Please copy all of the data that follows exactly, leaving any pictures out.

Recorded data »
-.-.-
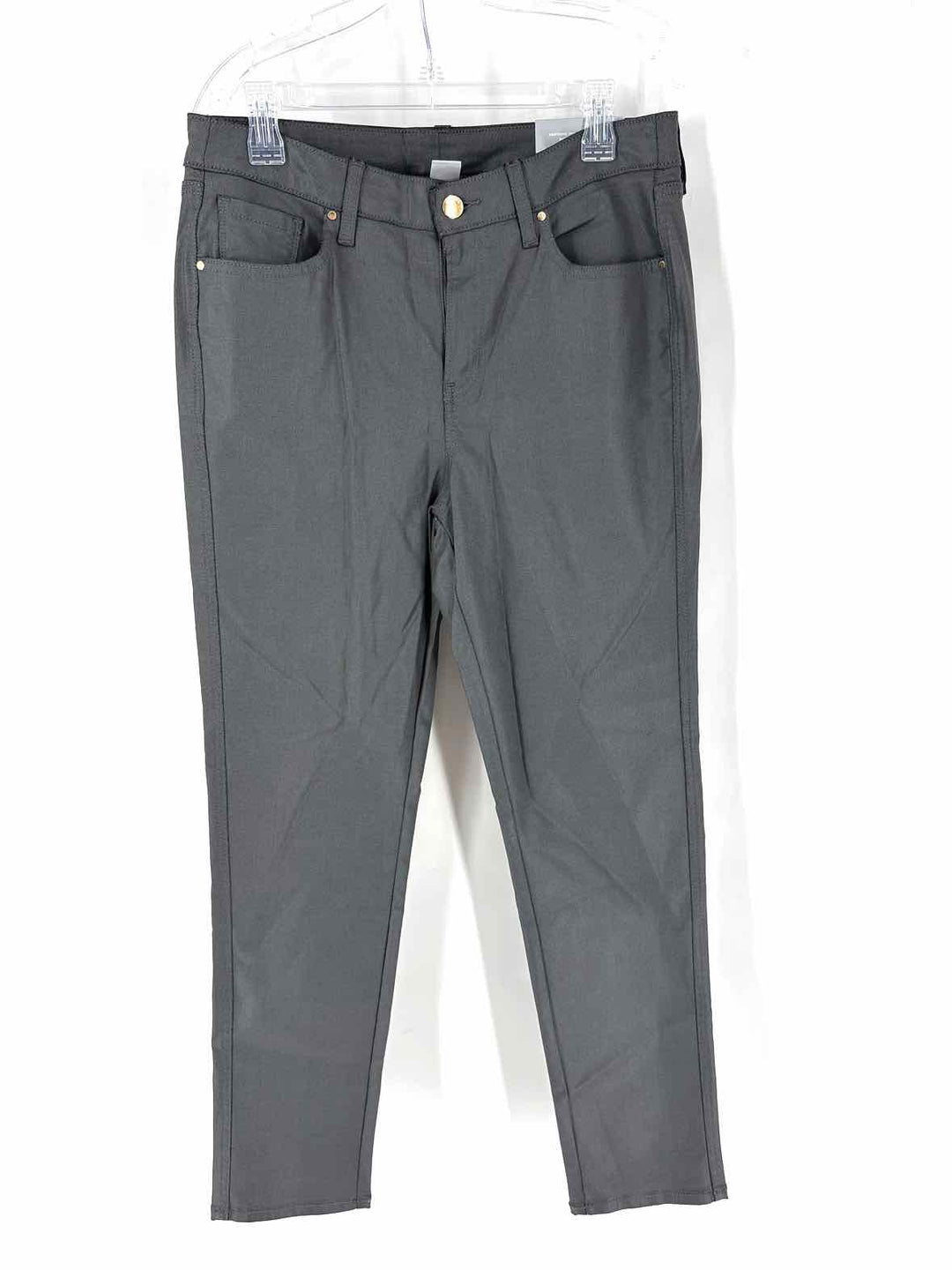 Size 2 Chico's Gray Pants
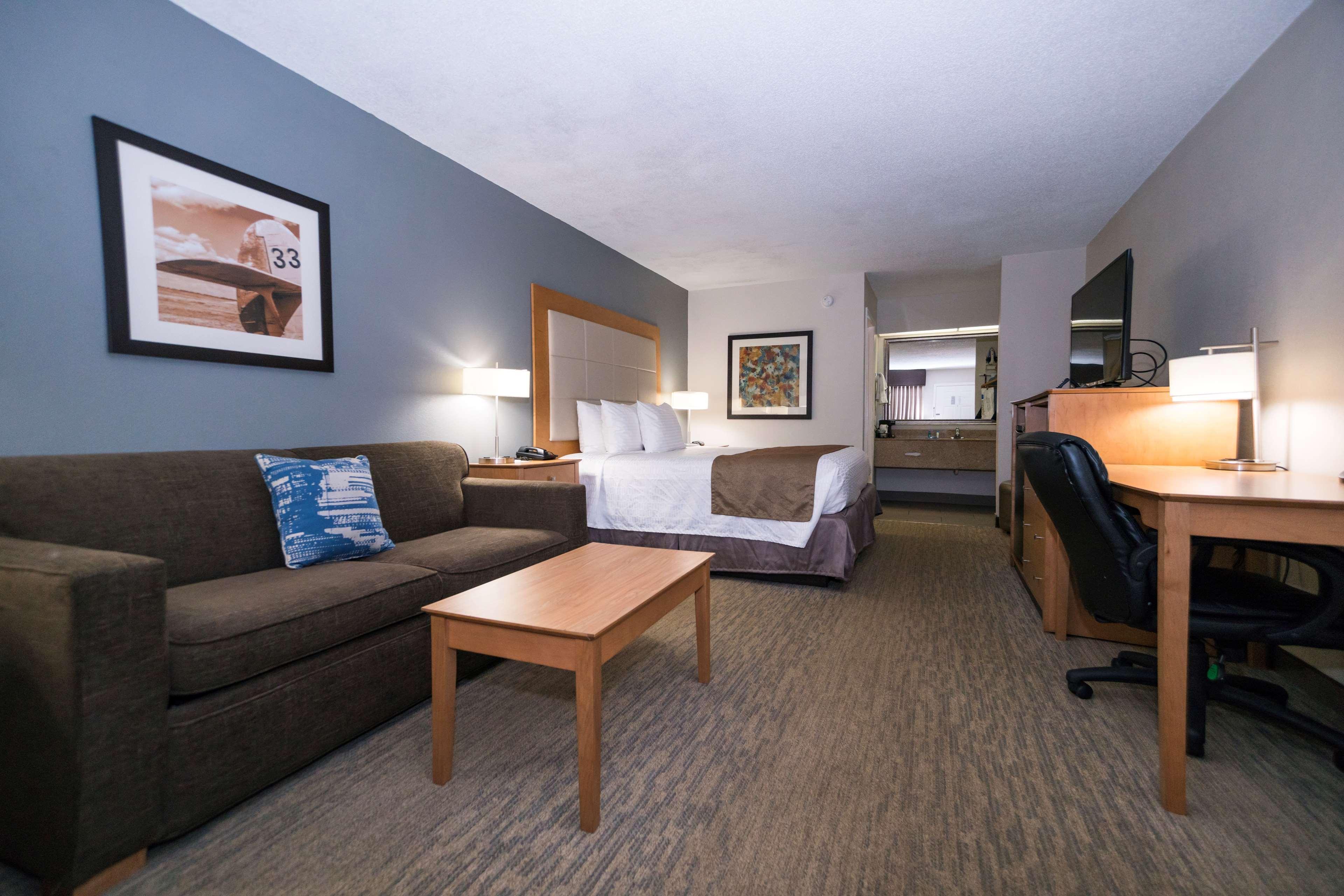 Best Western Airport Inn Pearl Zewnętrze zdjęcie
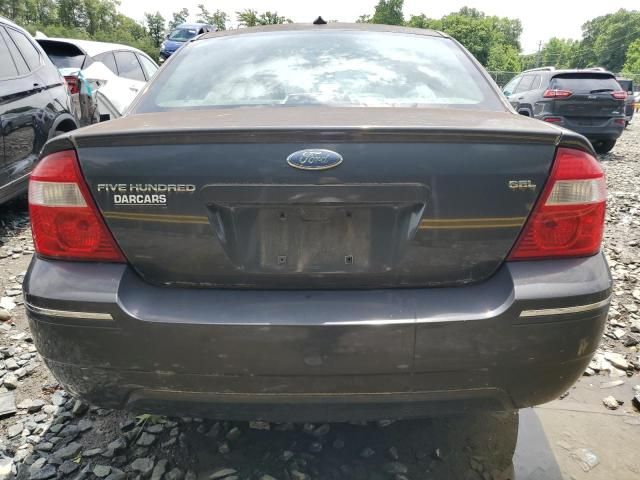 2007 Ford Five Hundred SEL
-.-.-
Answer for this exercise »
 Size 2 Chico's Gray Pants
 Best Western Airport Inn Pearl Zewnętrze zdjęcie
 2007 Ford Five Hundred SEL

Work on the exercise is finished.